У меня все хорошо – как ты понимаешь, полгода полнейшего воздержания в еде, питье, курении и две двухчасовые ванны в неделю в последнее время не могли не оказать успокоительного эффекта. Итак, все отлично; что до работы, она занимает меня и отвлекает – это очень нужно мне, – а вовсе не изнуряет.
Очень рад, что Исааксон нашел в моей посылке вещи, которые пришлись ему по вкусу. Похоже, они с де Ханом оказались верными товарищами, что в эти дни редкость и должно цениться по достоинству. И если, как ты говоришь, нашелся другой, нашедший нечто в желто-черной женской фигуре, я не удивлен, хотя и считаю, что это заслуга модели, а не моей живописи[313].
Я совершенно отчаялся найти моделей. О, если бы у меня время от времени был кто-нибудь вроде нее или женщины, позировавшей для «Колыбельной», я делал бы нечто другое.
Я нахожу, что поступил правильно, не выставив моих картин на выставке Гогена и других. У меня имеется веская причина воздержаться, не обижая их, ведь я сам еще не поправился.
Не сомневаюсь, что у Гогена и Бернара есть большие и действительные заслуги.
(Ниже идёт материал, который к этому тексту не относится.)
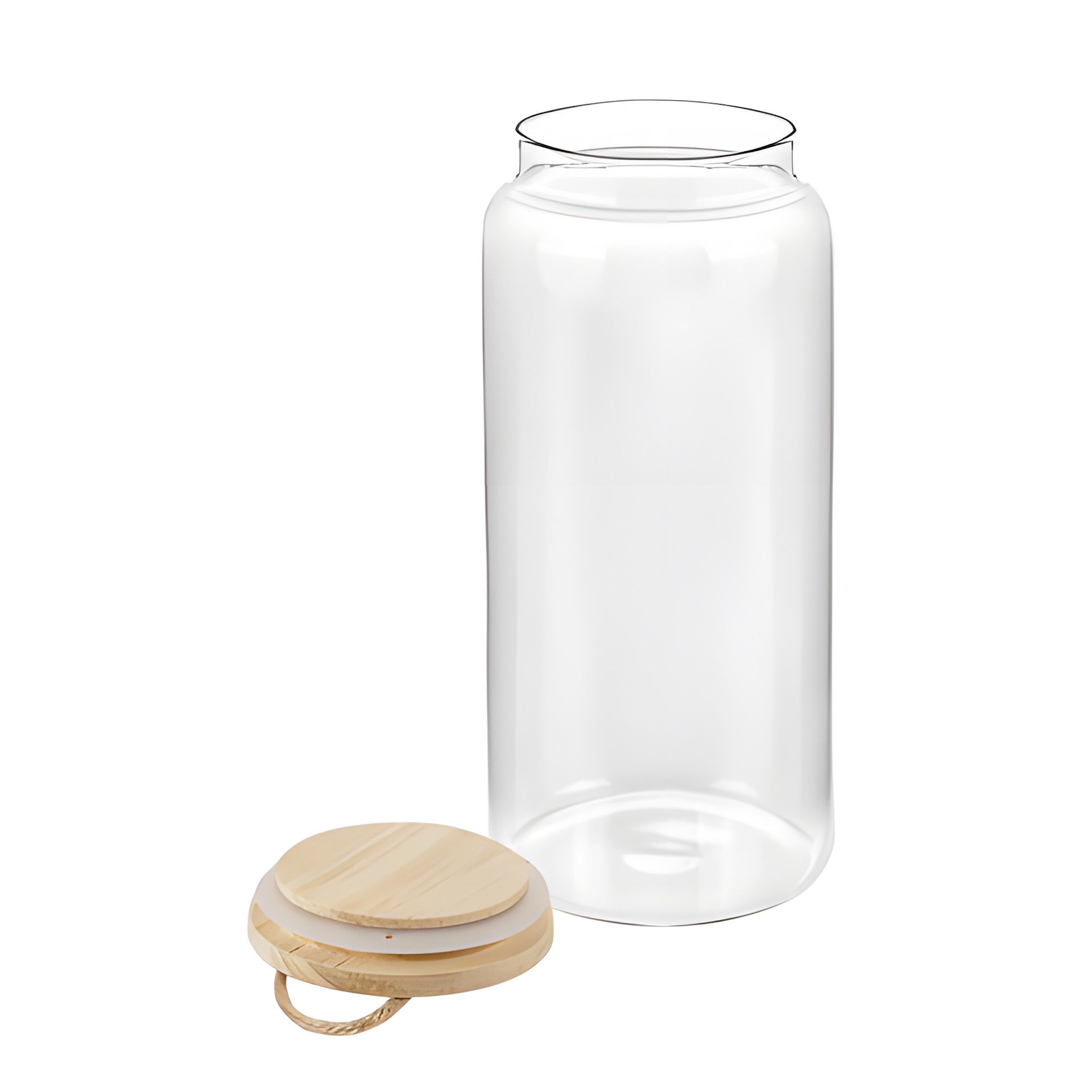 Vorratsglas 1300 ml mit Holzdeckel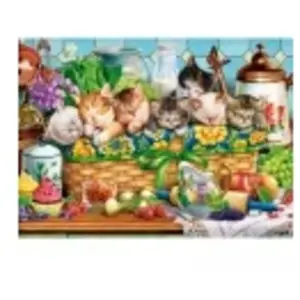 Puzzle 200 pièces - CASTORLAND - Chatons qui font la sieste - Animaux - Enfant - Intérieur pas cher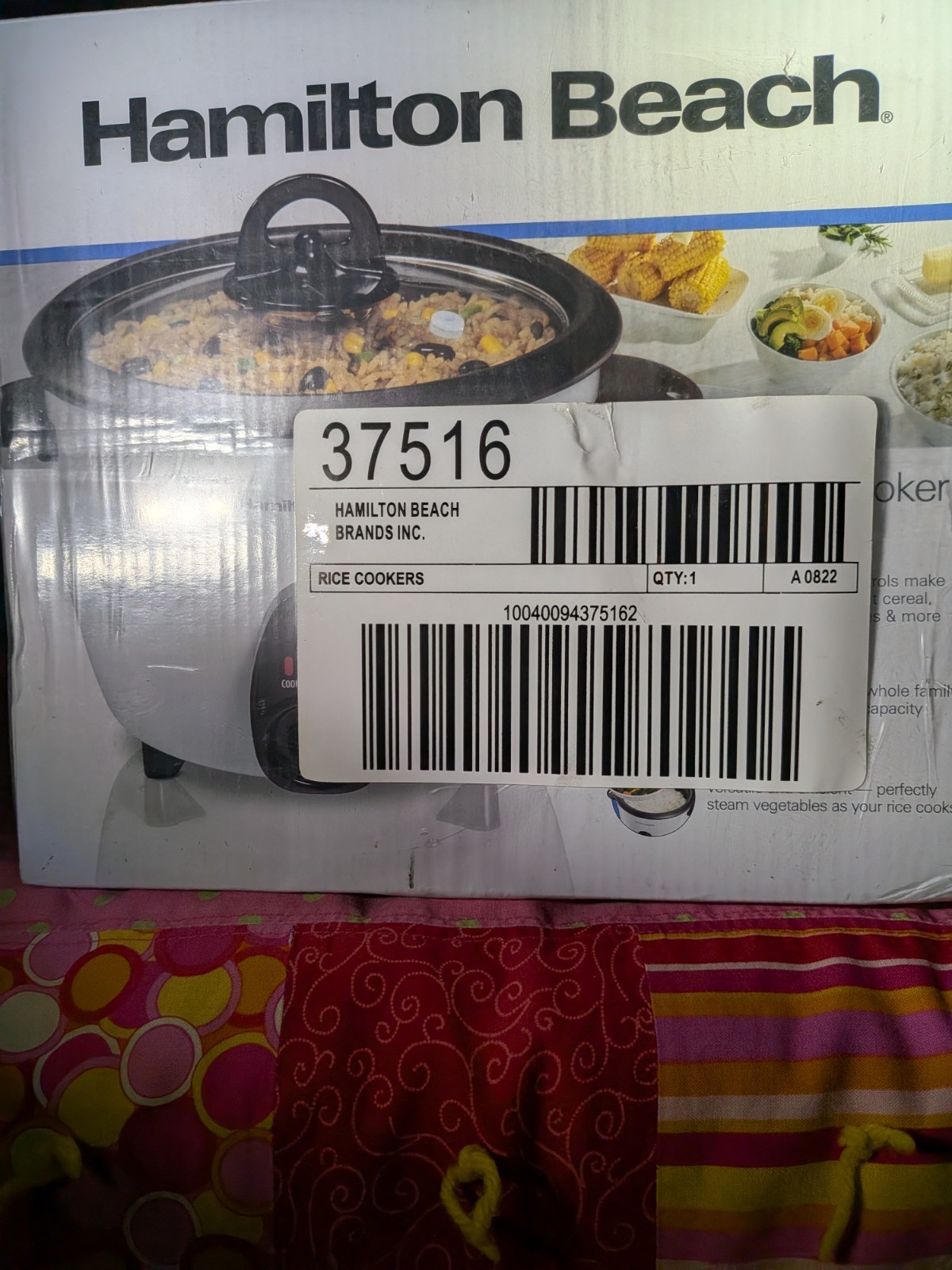 New Hamilton Beach 16 Cup Rice Cooker & Steamer Sealed w/ Model 37516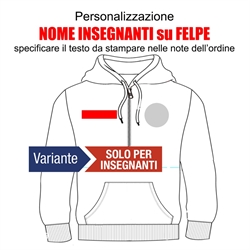 CG PERSONALIZZAZIONE FELPA INSEGNANTE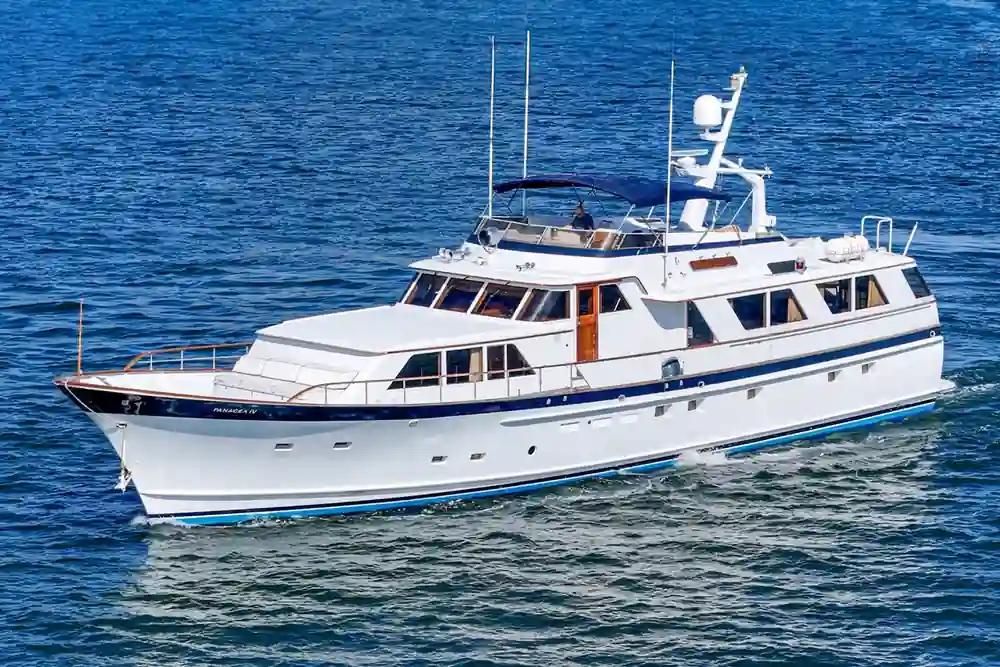 Burger Boats Raised Pilothouse 86 For Sale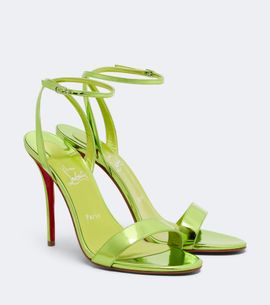 Christian Louboutin Christian Louboutin Miss Z mirrored leather sandals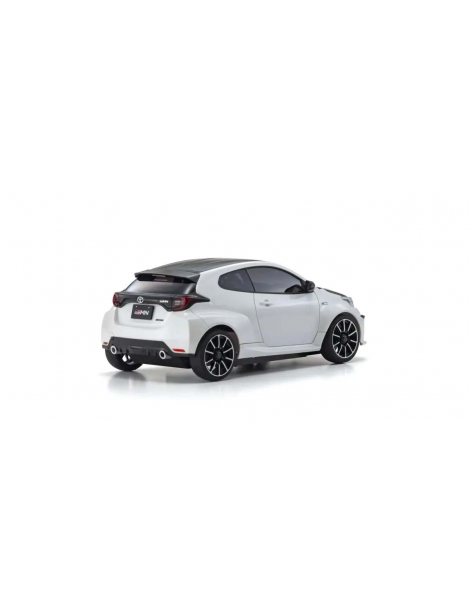 Kyosho Mini-Z AWD Toyota GRMN Yaris Rally Package White Pearl 1/27 RC drift modelis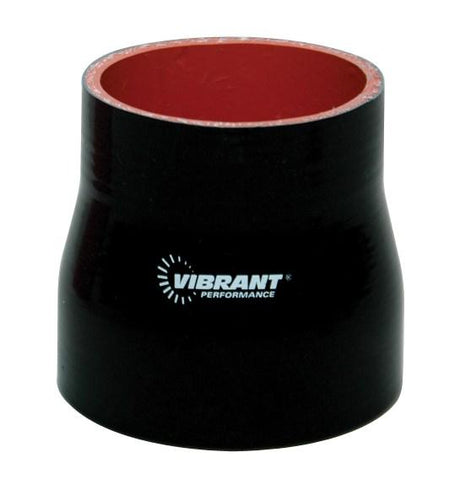 Vibrant 4 Ply Aramid Reducer Coupling 1.5in Inlet x 1in Outlet x 3in Length - Black Vibrant Silicone Couplers & Hoses  AXOPROS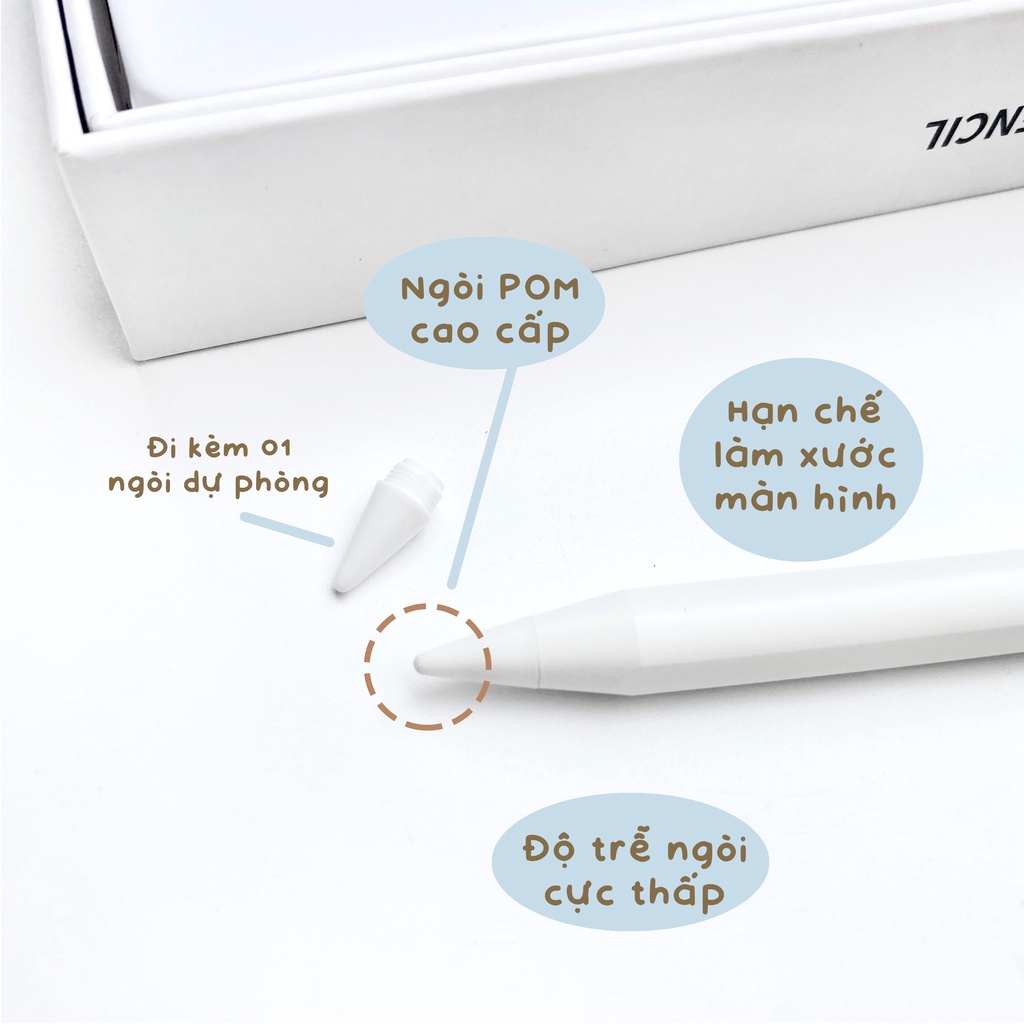 Bút cảm ứng CWT PENCIL 1.5 hỗ trợ các dòng điện thoại/máy tính bảng hệ điều hành Android/IOS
Такие, как они, живые, молодые, которые должны жить и пытаться прокладывать себе путь, не могут повернуть свои картины лицом к стене до тех пор, пока люди не соизволят поместить их куда-нибудь в официальный маринад. Это более чем понятно. Выставляясь в кафе, мы поднимаем шум, и не скажу, чтобы это было дурным вкусом. Но у меня есть на совести это преступление, даже два – я выставлялся в «Тамбурине» и на бульваре Клиши. Не говоря уже о беспокойстве, причиненном 81-му добропорядочному людоеду из славного города Арля и их чудесному мэру.
Итак, я, бесспорно, хуже и виновнее их в этом смысле (наделал шума, но, право же, невольно).
Малыш Бернар, по мне, уже написал несколько совершенно поразительных картин, где есть нежность и что-то в высшей степени французское и искреннее – редкого качества.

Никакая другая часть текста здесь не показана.